It’s not my fault ;-). Dusty 56 started it. Then Jaykaypur did it. And finally JR45 did it too. I just couldn’t help myself … (sob)

Really though, I have had a bit to say on Dusty56’s and JR45’s posts about this guage being based on a theorem of circle geometry (an angle inscribed in a semi-circle is always a right angle), not on the Pythagorus sum of squares theorem. Sure Pythagorus is valid, but he came well after the geometry, especially if a guage such as this was used by the Egyptians to build the pyramids some 2000 odd years earlier.

I also posted in JR’s project 5 steps (see below) to make this guage so I figured that I should put my money where my mouth is and test the process. And while I’m not going to deny that JR’s laser guided block plane might have made the job a whole lot easier, I just don’t have one of those so I had to rely on my dusty rusty old No. 4 – like the ancient Egyptians would have had to since lasers hadn’t been invented back then. (!)

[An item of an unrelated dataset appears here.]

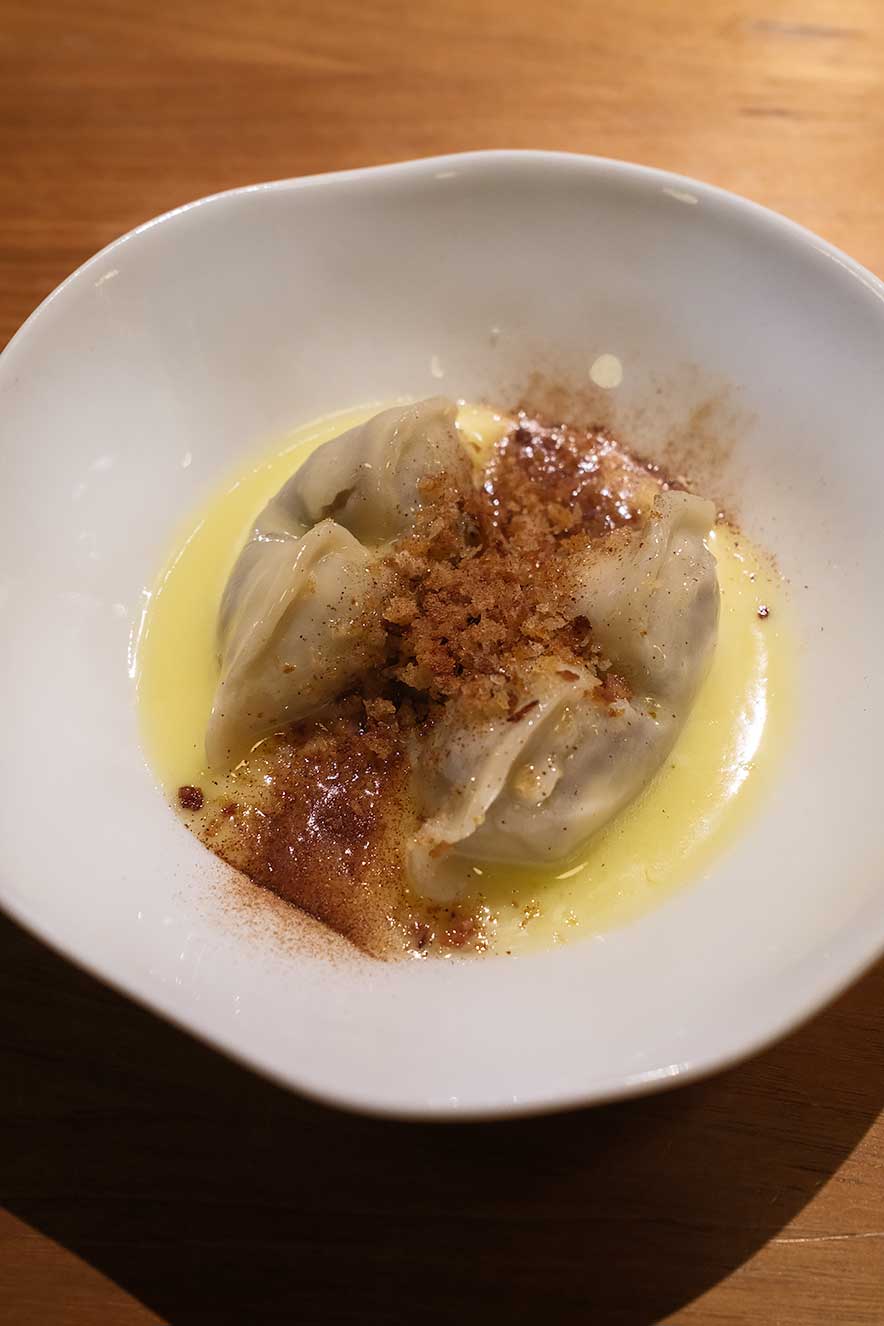Bovski Krafi, Slovenian dumplings as dessert at JAZ by Ana Ros in Ljubljana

The five steps that I followed to make the guage were:

- First make the short arm, complete with pointy end and hole for the pivot bolt.
- Cut the long arm more than double the length of the short arm and drill the pivot hole in the centre of the arm – some error can still be tolerated at this point.
- Align the short arm along the long arm in one direction, then use the short arm to mark the shape of the long arm.
- Align the short arm along the long arm in the opposite direction, then use the short arm to mark the shape of the long arm.
- Shape both ends of the long arm using the short arm to check that the ends of the long arm are accurate.
- Apply finish, in this case wax because it is quick, easy and I still love the feel of it.

Okay, I lied – there is a sixth step. After all I am posting this as a project which requires it to be completed, not just half-done. I did take photos, so if the instructions are not clear enough, and if enough people ask nicely, I could do a blog.

So now the ultimate question, what am I going to do with it? And well you might ask!

Actually, the most useful thing I can think of to do with it is take to to school if and when I ever teach the geometry of circles as a demonstration of the practical application of maths (you weren’t expecting me to say that now, were you?). The next most useful thing would be to use it in my woodwork class to check the squareness of some sliding lid boxes that my students will be making this term. I could use it to dazzle my students with my brilliance – in my dreams! But more realistically, it could be useful when I assess their work because it is a quick check using a guage that actually fits into the boxes

Whatever I do with it, it was a fun way to spend a little time in my workshop this afternoon. And isn’t that just what it’s all about?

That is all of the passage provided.